AI Product Discovery: How Agentic Systems Improve Product Search and Conversions

ai product discovery
Summary
  • AI product discovery helps shoppers find the right products faster by understanding natural-language queries, personalizing results, and improving product data quality over time.

  • Discovery happens across multiple channels, including on-site search, AI assistants, answer engines, and social platforms, making product visibility dependent on being interpretable everywhere.

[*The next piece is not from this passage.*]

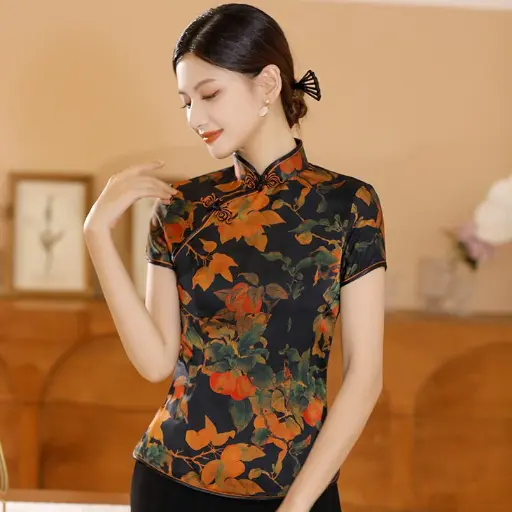 Silk Mandarin Collar Blouse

  • Agentic systems go beyond search filters by continuously enriching and structuring catalog data, closing gaps that cause missed matches and zero-result searches.

AI product discovery is how shoppers these days find their preferred items faster—using systems that understand natural-language queries, personalize results, and continuously improve product data so listings match customer intent.

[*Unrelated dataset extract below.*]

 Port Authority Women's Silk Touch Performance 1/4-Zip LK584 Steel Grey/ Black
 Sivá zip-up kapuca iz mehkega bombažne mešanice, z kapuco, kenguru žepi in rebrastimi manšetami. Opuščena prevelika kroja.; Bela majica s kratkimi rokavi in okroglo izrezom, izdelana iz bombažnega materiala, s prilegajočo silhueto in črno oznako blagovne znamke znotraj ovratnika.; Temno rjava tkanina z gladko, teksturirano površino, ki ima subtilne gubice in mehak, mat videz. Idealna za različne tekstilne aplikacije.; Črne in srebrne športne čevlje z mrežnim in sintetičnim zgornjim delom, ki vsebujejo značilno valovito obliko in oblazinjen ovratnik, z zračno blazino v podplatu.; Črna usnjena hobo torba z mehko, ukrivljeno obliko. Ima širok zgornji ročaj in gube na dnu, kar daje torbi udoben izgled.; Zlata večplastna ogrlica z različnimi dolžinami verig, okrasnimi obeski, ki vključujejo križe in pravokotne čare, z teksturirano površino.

AI agents interpret what shoppers mean, and make your catalog AI-ready so your products surface reliably across all channels.

Shoppers are still using on-site search, but they’re increasingly asking conversational questions across AI surfaces like ChatGPT, Perplexity, and Google’s AI Overviews and clicking through to the best match.

Research highlighted 1,200% jump in traffic from generative AI sources to US retail websites, demonstrating that AI-driven discovery is increasingly becoming the origin of product discovery.

Source: Adobe

Agentic AI continuously maintains and improves your product data—benchmarking, enriching, and activating catalog context so your product stays discoverable across every demand channel.

Agentic commerce platforms like fabric NEON are built to monitor, optimize, and activate product data for AI-era discovery.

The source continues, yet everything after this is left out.